The annual proxy for this life sciences company had the following proposals:
- Proforma votes on directors, appointment of auditors, and “say-on-pay” advisory vote
- Board proposals on employee stock purchase plan
- Shareholder proposals on written consent and non-management employees as directors
Magni voted as follows:
- For and against proforma proposals.
–For directors – The disclosures meet the criteria in Magni’s policy on election of directors.
-For auditors – The company meets the criteria in Magni’s policy on auditor ratification.
-Against advisory vote – The disclosures in the proxy did not meet the criteria in Magni’s policy on the advisory vote.
- For board proposals to increase authorized shares for the employee stock purchase program – Per Magni policy, Magni votes in favor of many of these proposals.
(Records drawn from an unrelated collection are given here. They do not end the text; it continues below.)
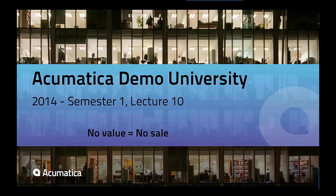The theme for today's Demo University is this concept of no value equals no sale. I was going to talk this week about business blueprints, but because I've had so many discussions with different partners this week on this particular topic, I decided we would talk about this instead.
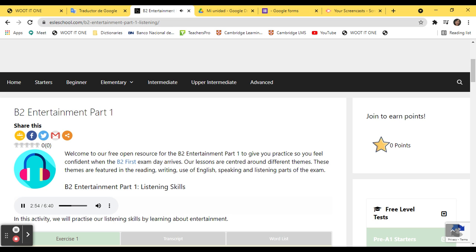I fancy something to eat. What about you? Good idea. Shall we have something in the cafe? It looks really busy, though. Or we could go outside.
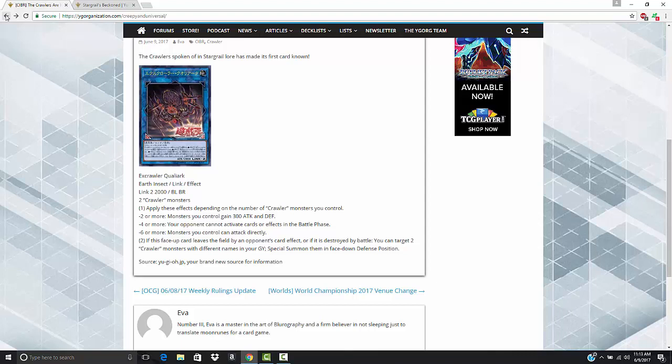And the second effect I think is really good as well. I think it's actually probably the most practical of all these effects. It says if this face up card leaves the field by an opponent's card effect or is destroyed by battle, you can target two Crawler Monsters with different names in your graveyard, special them, in face down defense position. Now that is interesting because it makes me wonder if maybe the Crawler Archetype is going to be something like Subterrors or if it's going to be like Shaddolls where they're just like straight up flip effects.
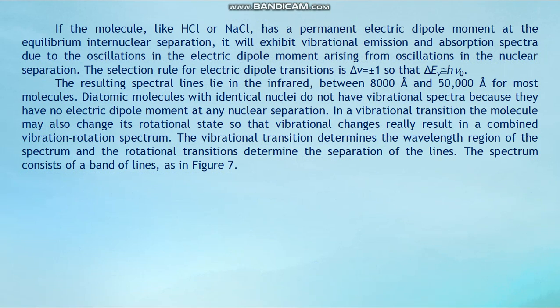In a molecule like HCl or NaCl that has a permanent electric dipole moment at the equilibrium internuclear separation, it will exhibit vibrational emission and absorption spectra due to the oscillations in this electric dipole moment arising from oscillations in the internuclear separation. The selection rule for electric dipole transitions is Δv = ±1 so that ΔE_v ≈ hν₀. The resulting spectral lines lie in the infrared between 8000 Å and 50,000 Å for most molecules. Diatomic molecules with identical nuclei do not have vibrational spectra because they have no electric dipole moment. In any vibrational transition, the molecule may also change its rotational state, so vibrational changes really result in a combined vibration-rotation spectrum. The spectrum consists of a band of lines as shown in figure 7.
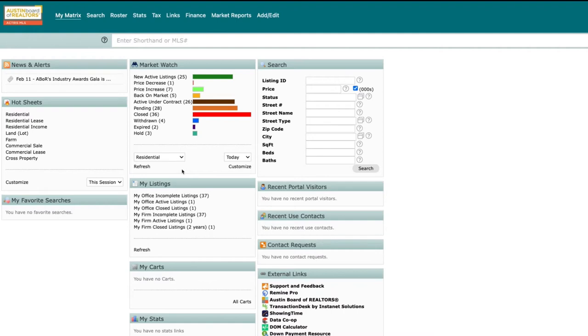While you're able to share sold listings from Matrix, it's important to remember that Texas is a non-disclosure state, and we recommend that you only share that link directly with clients and not on social media.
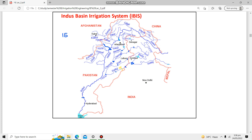After independence, link canals were also constructed. A Triple Canal Project was built to irrigate areas previously served by the Ravi and Sutlej, which had been assigned to India. Three link canals were constructed to transfer water from Jhelum to Chenab, then from Chenab across the Ravi, and from there to irrigate further areas. The three canals were the Upper Jhelum Canal, Upper Chenab Canal, and Lower Bari Doab Canal. This project was called the Triple Canal Project.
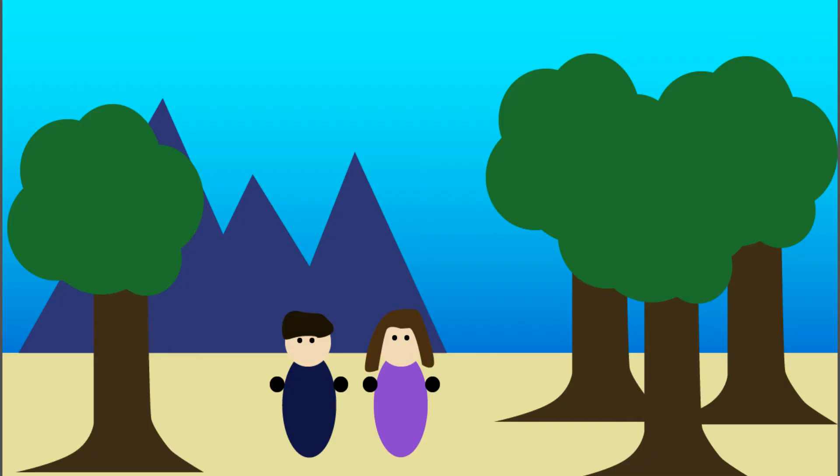These were the father and mother of us all, Ask and Embla. This is the story of our creation.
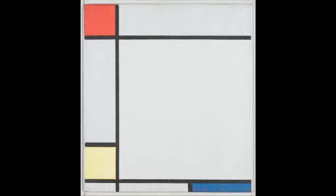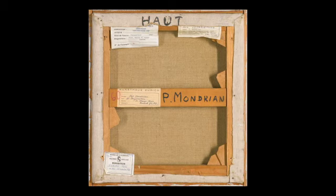This canvas is still in its original frame, executed by Mondrian, and it's coming to auction now in excellent original condition.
- Against the shareholder proposals.
–Written consent – Per the Magni position paper, Magni routinely votes against these proposals.
-Non-management employee directors – Good corporate governance involves managing stakeholder relationships, including relationships with employees. That said, non-management employees as members of a board of directors is a tactic. In and of itself, such a tactic will not guarantee good relationships with employees. The company already is one of the better governed companies on the U.S. exchanges. The proposal does not identify any deficiencies in the company’s management of employee relationships. Given the strength of the company’s governance and the lack of identified deficiencies, it is easy to vote against this proposal.